Our indolence continued with a coffee at a bright sunny table on a waterside terrace – the temperature for sitting around has been perfect. This was followed by a stroll along the lakeside beneath the shady pine trees. Swimming in the lake is not currently allowed and it would be far too cold yet anyway. On the beach however, there were quite a few sunbathers, mainly sound asleep.
Our map showed a little village nearby but when we arrived it turned out to be quite modern with little to enjoy save a rest in the cool interior of the rather uninspiring 20th century church. As we returned to Peschiera Jill was counting her blessings that we are well out of the mountains here with no imposing castles for Ian to insist on visiting. However, he soon managed to discover some fortifications completely devoid of shade both for climbing up there and along the top when we arrived! There were some nice views of the lake and town as compensation however.
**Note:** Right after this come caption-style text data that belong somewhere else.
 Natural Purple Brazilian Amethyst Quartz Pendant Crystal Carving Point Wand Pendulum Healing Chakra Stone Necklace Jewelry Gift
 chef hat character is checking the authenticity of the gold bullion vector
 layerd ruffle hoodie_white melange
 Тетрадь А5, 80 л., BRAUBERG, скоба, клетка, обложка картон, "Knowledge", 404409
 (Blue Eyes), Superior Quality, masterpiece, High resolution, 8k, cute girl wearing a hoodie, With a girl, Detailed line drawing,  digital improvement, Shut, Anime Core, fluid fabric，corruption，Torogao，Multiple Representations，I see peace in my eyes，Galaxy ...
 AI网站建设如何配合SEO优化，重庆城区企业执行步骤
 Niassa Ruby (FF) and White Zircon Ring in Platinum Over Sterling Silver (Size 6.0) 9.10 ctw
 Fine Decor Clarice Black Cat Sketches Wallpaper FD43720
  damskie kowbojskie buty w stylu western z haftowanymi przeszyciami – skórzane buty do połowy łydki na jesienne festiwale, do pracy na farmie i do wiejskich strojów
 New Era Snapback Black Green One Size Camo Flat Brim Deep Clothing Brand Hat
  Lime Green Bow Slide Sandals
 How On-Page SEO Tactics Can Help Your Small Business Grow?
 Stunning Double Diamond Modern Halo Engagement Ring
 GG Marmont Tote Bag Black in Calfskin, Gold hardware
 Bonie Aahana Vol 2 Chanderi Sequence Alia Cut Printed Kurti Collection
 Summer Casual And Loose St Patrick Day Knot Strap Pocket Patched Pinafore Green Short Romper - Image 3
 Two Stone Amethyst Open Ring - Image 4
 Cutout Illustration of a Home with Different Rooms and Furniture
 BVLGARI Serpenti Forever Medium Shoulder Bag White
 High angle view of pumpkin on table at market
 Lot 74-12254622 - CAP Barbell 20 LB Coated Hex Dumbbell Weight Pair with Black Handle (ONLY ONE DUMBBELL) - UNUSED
Following our recent comments on the exhibition of naïve ex voto paintings, our attention was drawn to a display of posters as we passed the church in the historic town centre. Here photos of recently departed residents are displayed with messages from their families and details of their forthcoming funeral services.
We returned to our campsite to cool off, Ian with a beer on the terrace of the swimming pool, Jill with an icy swim. The pool has only just opened and the water is still so cold it almost hurts to breathe. It felt wonderful coming out!
This is the fourth lake we have visited since leaving the Jura. All have been pretty and each has its own individual charm. Lake Garda is some thirty miles long and we have seen only this southernmost corner. Here it is wide and flat, a huge inland sea. Further north it becomes narrow, deep and hemmed in by mountains, more like a Norwegian fjiord. It is something we will have to miss this time.
Domestic chores need doing even when life is one long holiday, so today we also used the campsite washing machine and festooned our pitch with tee-shirts and tea towels. At least we are respectable for a couple more weeks now. Ian has also washed Modestine, who was filthy with dust and had more squashed flies than one of Italy's acclaimed Garibaldi biscuits!